His dinner was brought to his room and was sent down again untasted. He locked his doors and sat down to think. The sounds about the house which at best barely penetrated the heavy walls of his apartment died gradually away. A clock within the room chiming the hour annoyed him and he stopped it. His thoughts ran over his affairs and the affairs of his brother and his sister and partners and turned to those in various measure dependent upon his bounty.
His sense of justice, never wholly obscured, because rooted in his exorbitant pride, was keenly alive in this hour of silent reckoning. No injustice, however slight, must be left that could be urged against his memory, and none, he believed, could now thus be urged. If there were a shock on the exchanges at the news of his death, if the stocks of his companies should be raided, no harm could come to the companies themselves. The antidote to all uneasiness lay in the unnecessarily large cash balances, rooted likewise in the Kimberly pride, that he kept always in hand for the unexpected.
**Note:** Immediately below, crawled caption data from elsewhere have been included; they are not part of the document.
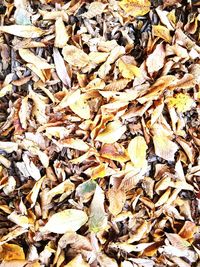 Full frame shot of dry leaves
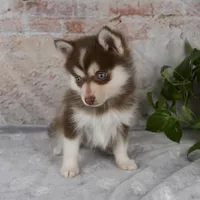 Grant, a male Pomsky for sale in Fresno, OH – Photo 8 of 8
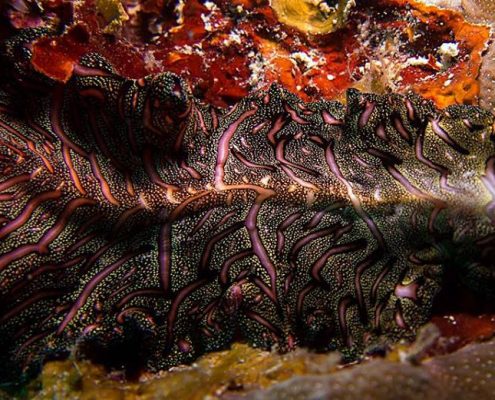 David Gilchrist - Persian Carpet Flatworm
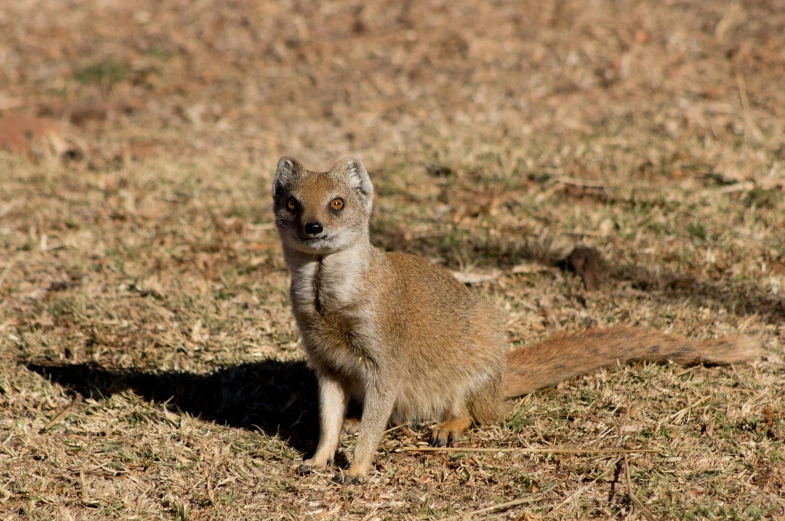 a furry animal that is standing in the dirt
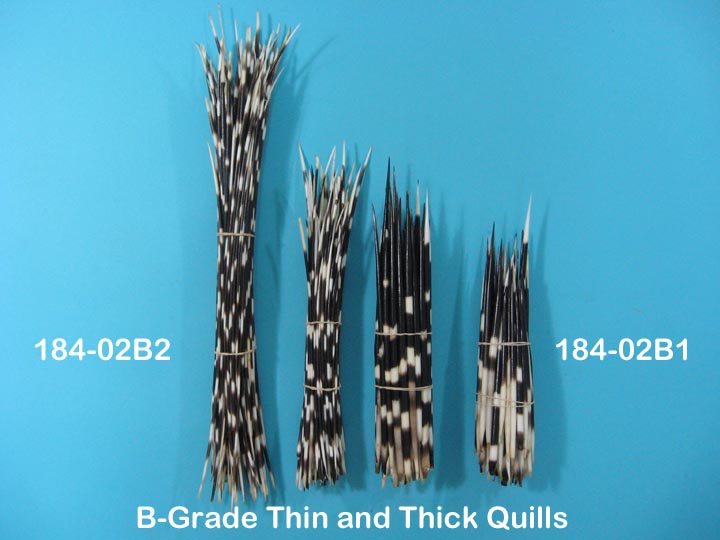 2000 THIN Porcupine Quills store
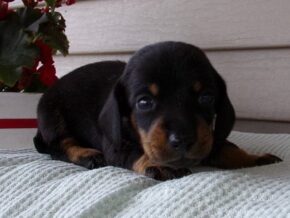 Markit at Ramsey Creek Kennels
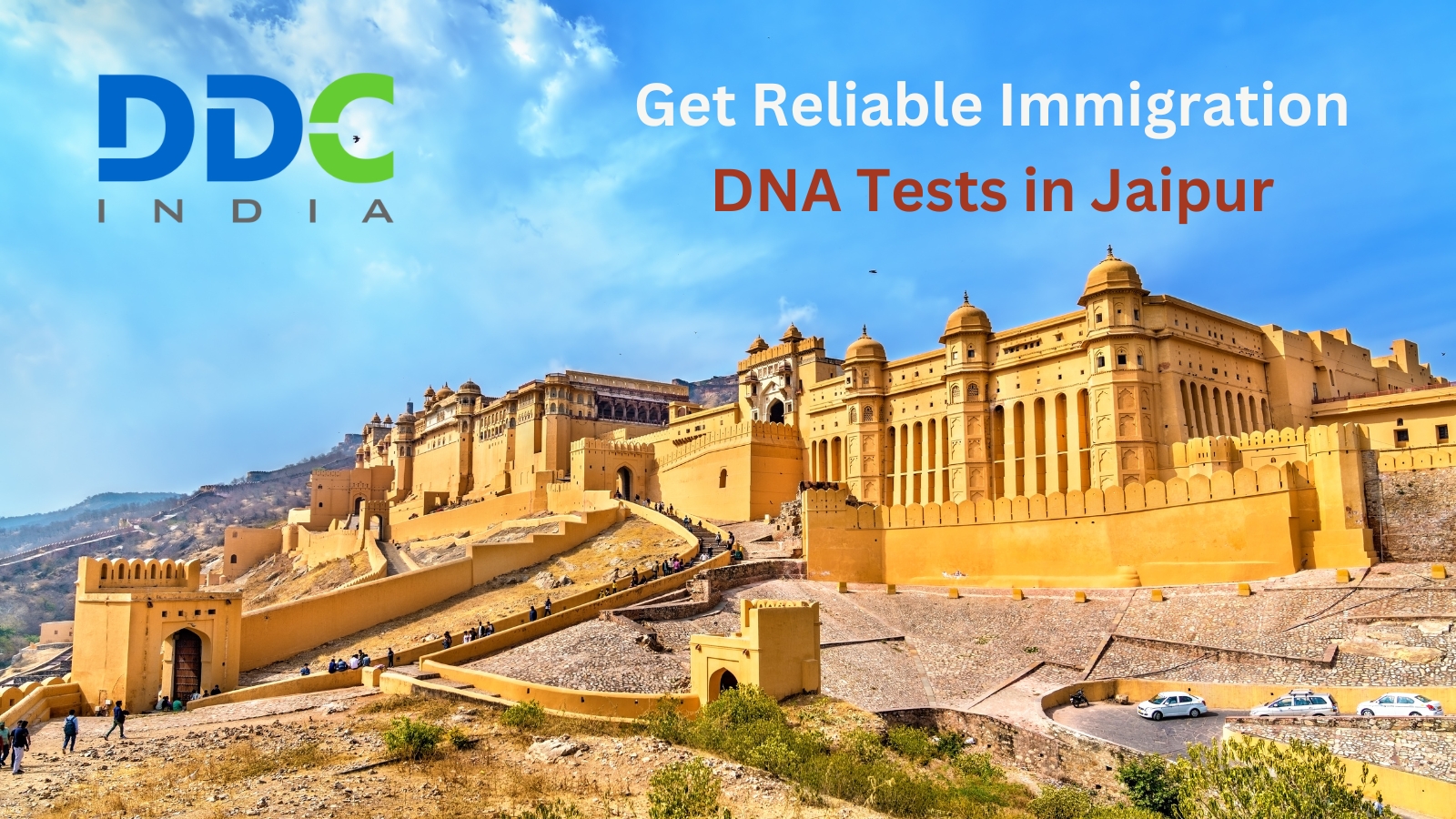 Speed Up the Sponsored Immigration Visa Process with a DNA Test in Jaipur - AtoAllinks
His servants, to the least, had been remembered and he was going over his thought of them when, with a pang, he reflected that he had completely forgotten the maid, Annie. It was a humiliation to think that of all minor things this could happen--that the faithful girl who had been closer than all others to her who was dearest to him could have been neglected. However, this could be trusted to a letter to his brother, and going to a table he wrote a memorandum of the provisions he wished made for Annie.
Brother Francis and his years of servitude came to his mind. Was there any injustice to this man in leaving undone what he had fully intended to do in providing for the new school? He thought the subject over long and loosely. What would Francis say when he heard? Could he, stricken sometime with a revolting disease, ever think of Kimberly as unjust?
The old fancy of Francis in heaven and Dives begging for a drop of water returned. But the thought of lying for an eternity in hell without a drop of water was more tolerable than the thought of this faithful Lazarus' accusing finger pointing to a tortured Dives who had been in the least matter unjust. If there were a hereafter, pride had something at stake in this, too.
And thus the thought he most hated obtruded itself unbidden--was there a hereafter?
Alice rose before him. He hid his face in his hands. Could this woman, the very thought of whom he revered and loved more than life itself--could she now be mere dissolving clay--or did she live? Was it but breathing clay that once had called into life every good impulse in his nature?
He rose and found himself before his mother's picture. How completely he had forgotten his mother, whose agony had given him life! He looked long and tenderly into her eyes. When he turned away, dawn was beating at the drawn shades. The night was gone. Without even asking what had swayed him he put his design away.
CHAPTER XLV
Kimberly took up the matters of the new day heavy with thought. But he sent none the less immovably for Nelson and the troublesome codicil for the school was put under immediate way. He should feel better for it, he assured himself, even in hell. And whether, he reflected, it should produce any relief there or not, it would silence criticism. With his accustomed reticence he withheld from Nelson the name of the beneficiaries until the final draught should be ready, and in the afternoon rode out alone.